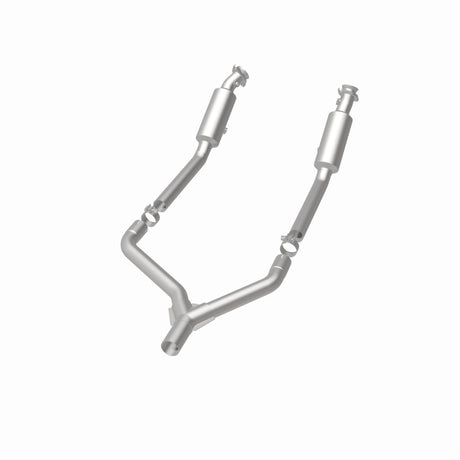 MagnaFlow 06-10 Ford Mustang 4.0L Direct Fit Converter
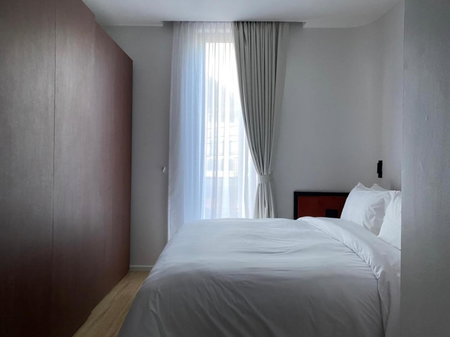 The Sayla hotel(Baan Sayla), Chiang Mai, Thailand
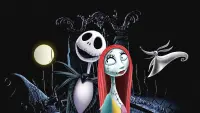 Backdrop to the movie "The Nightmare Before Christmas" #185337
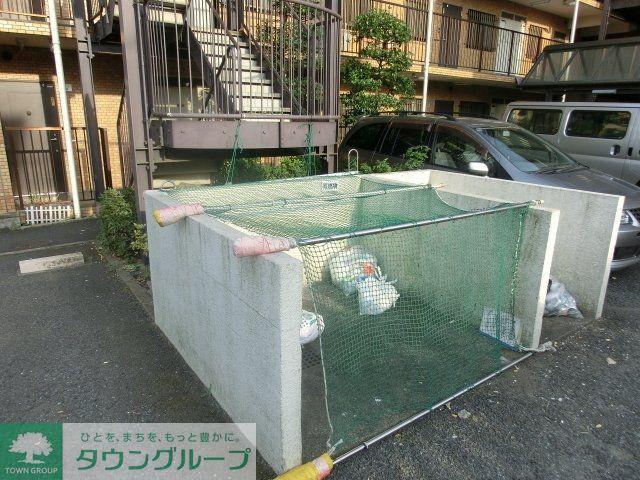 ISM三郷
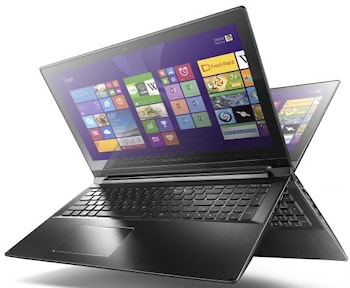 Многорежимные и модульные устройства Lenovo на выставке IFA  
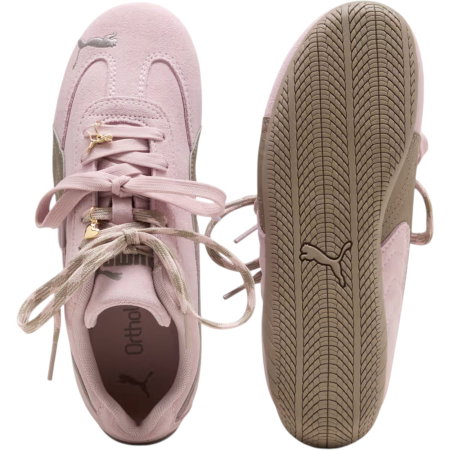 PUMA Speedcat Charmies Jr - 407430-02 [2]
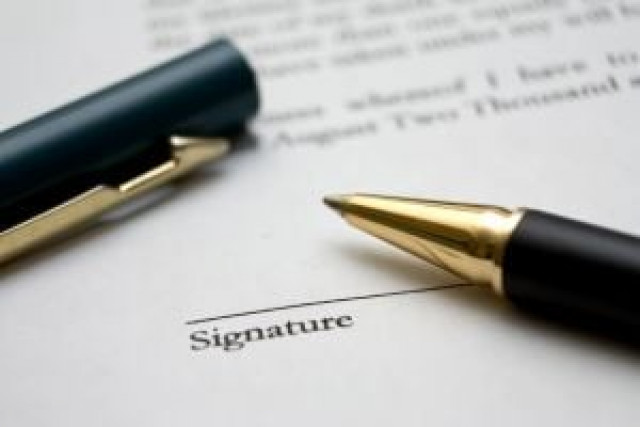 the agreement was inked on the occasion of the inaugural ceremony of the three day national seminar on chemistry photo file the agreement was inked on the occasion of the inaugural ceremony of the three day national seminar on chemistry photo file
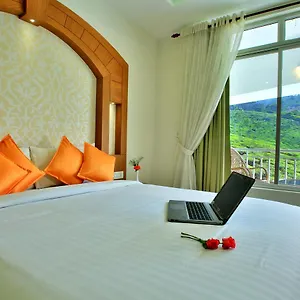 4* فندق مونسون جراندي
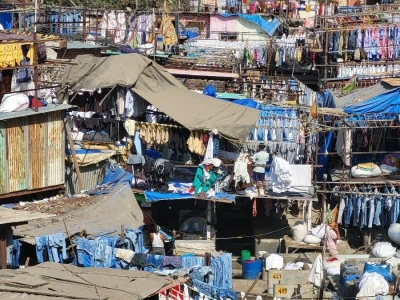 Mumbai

- [Brief]: Any pictures above are to be left out. Retype the rest of the records exactly.

- [Output of the task]:
 MagnaFlow 06-10 Ford Mustang 4.0L Direct Fit Converter
 The Sayla hotel(Baan Sayla), Chiang Mai, Thailand
 Backdrop to the movie "The Nightmare Before Christmas" #185337
 ISM三郷
 Многорежимные и модульные устройства Lenovo на выставке IFA  
 PUMA Speedcat Charmies Jr - 407430-02 [2]
 the agreement was inked on the occasion of the inaugural ceremony of the three day national seminar on chemistry photo file the agreement was inked on the occasion of the inaugural ceremony of the three day national seminar on chemistry photo file
 4* فندق مونسون جراندي
 Mumbai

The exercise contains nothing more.